Maioria dos times joga menos de 10 jogos no ano
É muito comum ouvir por aí que futebol feminino é “chato” e “desnivelado”. A dificuldade técnica é uma realidade para muitos times no Brasil, mas isso não se deve à falta de capacidade das atletas de jogar, e sim à falta de estrutura para que elas possam evoluir. Para se ter ideia, um diagnóstico da modalidade feito em 2018 mostra que 77% dos times de futebol feminino no Brasil jogaram até 9 jogos apenas no ano todo.
“Em 2018, tivemos muitas equipes jogando pouco, isso não é interessante. Jogar 9 jogos por ano é menos de um por mês. Foi um número muito grande de equipes, até mesmo jogando apenas 5 jogos. Precisamos providenciar para o máximo de equipes pelo menos algo próximo de 20 jogos por ano. Pensando os estaduais, poderia ser por um período mais longo. Muitos campeonatos acontecem em um mês ou dois no máximo – 55% deles são assim. É pouco para o desenvolvimento das meninas jogando bola. O excesso de jogos do masculino é a realidade oposta da que vivemos no feminino”, pontuou Júlio César Resende, analista de desempenho do Santos que trabalhou na seleção feminina em 2017 e foi o autor do estudo que possibilitou uma diagnóstico do futebol feminino no país.
Ele aponta para a importância de um maior investimento das federações nos campeonatos estaduais para fomentar o futebol feminino nas regiões em que ele ainda não é tão desenvolvido. “Para o masculino, o estadual é empecilho, mas para o feminino ele é essencial. Tem campeonato que acontece em três fins de semana, parece que existe só pra dizer que tem. O campeonato Capixaba tem três equipes só e eles conseguiram acabar o ano sem fazer a final do torneio”, pontuou.
Segundo o levantamento feito por Resende, existiam 173 equipes de futebol feminino vinculadas a federações em 2018. Mas não foi possível contar quantas jogadoras estão atuando no país, porque as federações não mantêm os registros dessas atletas. “É muito difícil conseguir esses dados, nem as próprias federações se preocupam com isso”.
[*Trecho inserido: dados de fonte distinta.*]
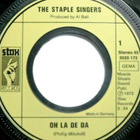 THE STAPLE SINGERS; Oh la de da / We the people 7" (PS) - pikkukuva 4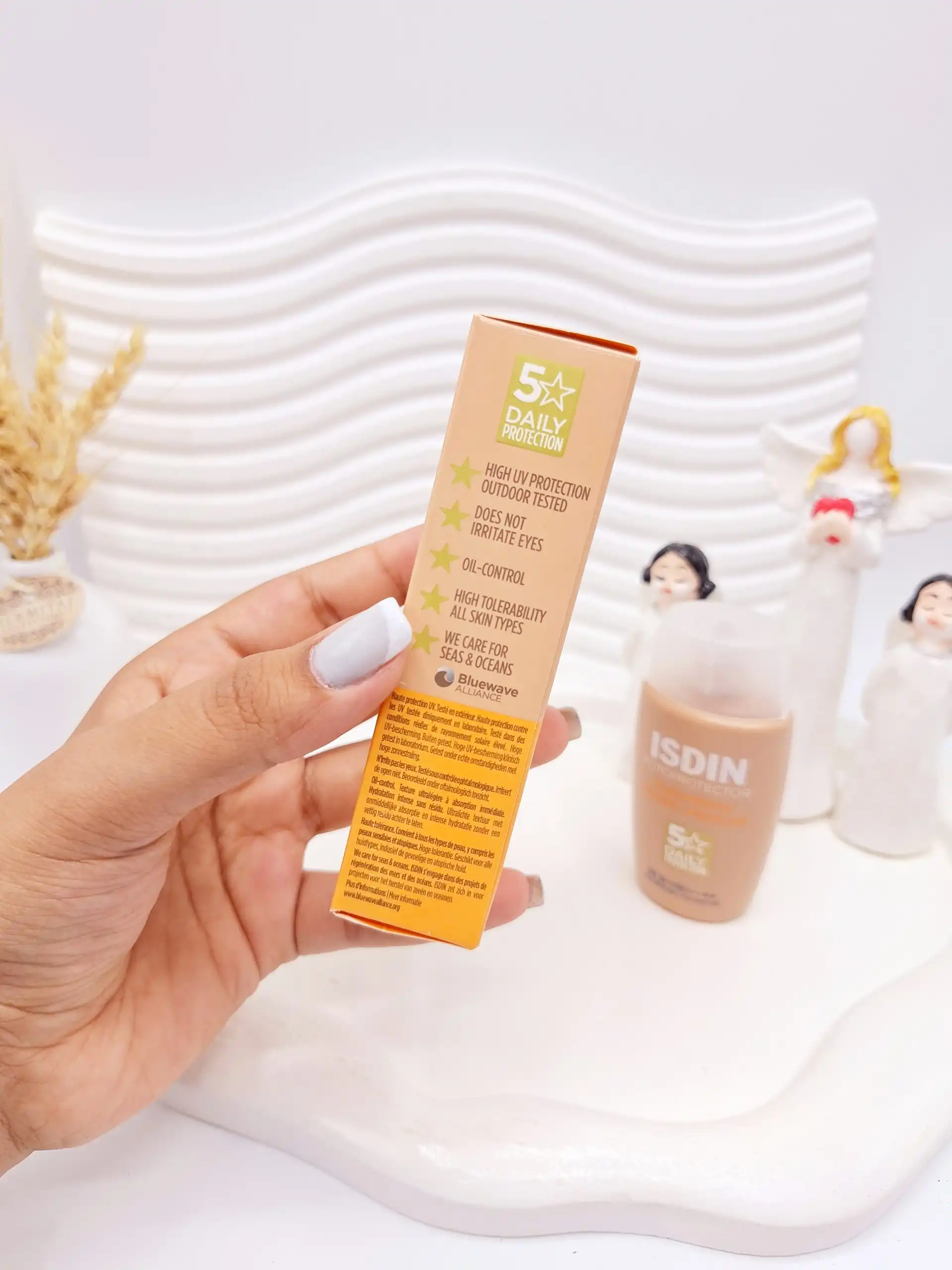 ضد آفتاب ایزدین فیوژن واتر Spf50 مسترکپی کد 0576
O analista destaca a importância de se identificar esse diagnóstico da modalidade para criar um plano de desenvolvimento para ela.
Para Romeu Castro, o problema que o futebol feminino sofre com o calendário é o mesmo que acontece com equipes masculinas de menor estrutura.
“Essa situação do calendário não é só do futebol feminino, equipes que não têm potencial econômico no futebol masculino também nao têm muitos jogos. Tem a questão da estrutura esportiva e econômica do país. Nós vivemos num país continental, então você tem dentro da pirâmide, uma estrutura que tem as competições municipais, estaduais, regionais, e aí as competições nacionais, que são para aquelas equipes melhor estruturadas. A CBF cuida em primeiro lugar das competições nacionais e busca incentivar as federações regionais a promover seus campeonatos, mas isso tem reflexo da cultura, economia e estrutura de cada estado. Não é função da CBF resolver isso, mas sim auxiliar e criar um mercado na área”.
Outro ponto sempre muito deficiente no Brasil é a base do futebol feminino – que praticamente não existe. São raros os clubes que oferecem formação de atletas mulheres – até porque não há categoria para elas disputarem. Somente em 2017 foi criado o primeiro torneio de base do país, quando a FPF organizou o inédito Paulista Sub-17. Agora, em 2019, será a vez da CBF finalmente investir na base com a criação do Brasileiro sub-18 – uma iniciativa também feita para acolher os times de camisa, que agora precisarão também manter equipes de base no feminino para cumprir a resolução da Conmebol. O torneio será disputado entre julho e setembro deste ano com a participação de 24 equipes.